The Paparazzi Approach
So, what’s the best way to capture the Amish on camera? Some of the advice I’ve read or been given by other photographers includes:
- “don’t stay in one place too long;”
- “use a long lens so you can zoom in;”
- “you have a better chance of photographing Amish children than adults;” or
- “wait until they’re not looking and photograph them from behind.”
Sorry, but I don’t feel like “stealing” moments like that. It makes me feel like a paparazzi, and it’s kind of creepy.
I know if I were outside mowing the lawn or planting flowers and someone started photographing me from a distance, it would frighten me a little.
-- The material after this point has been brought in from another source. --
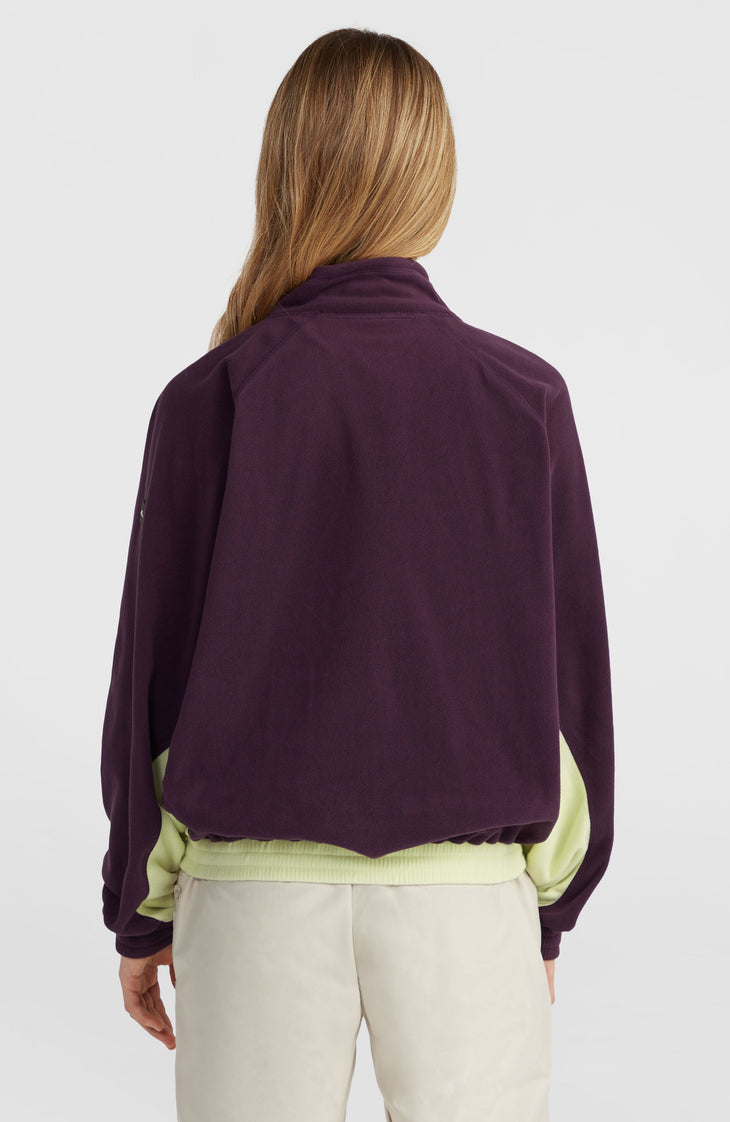 O'Riginals Polartec® 100 Fleecepullover mit Halbreißverschluss | Aubergine Colour Block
In my experience, the best photos happen when both parties are present and aware of one another. And this is just as true for the Amish as for other subjects.
Three Tips for Noninvasive Photography
I’ve found three noninvasive ways to achieve good results in documenting the Amish:
- I feel them out first. I make sure they are aware of my equipment; then, I begin shooting at a comfortable pace and distance. Yes, I find my share of rejection — but I’ve also been greeted warmly and gotten some intimate shots.
- I ask, “Do you mind if I use my camera here?” I don’t give them a big sob story to get their approval; if they aren’t OK with me shooting them, I don’t. But I often still stay to observe; photography is about moments, whether we capture them with our cameras or not.
- I don’t obsess on only photographing people. Amish culture offers a treasure trove of subject matter besides the people — things like hand-made furniture, hand-sewn curtains, farm landscapes, lanterns, patterns of wood on the barn, even clothes hanging on clotheslines. I can showcase the beautiful simplicity of the Amish without insisting on including a reluctant subject in an image.
Enjoy the Process
You aren’t always going to leave the house to go shooting and come home with gold. That’s okay; enjoy the process, and respect what is in front of you for what it is.
Wear your camera visibly and know when to use it, and don’t touch it if you aren’t 100 percent confident that you should. Smile instead, and move on to the next possibility.
That’s been a pretty good rule of thumb for me in my work — whether documenting the Amish or any other subject.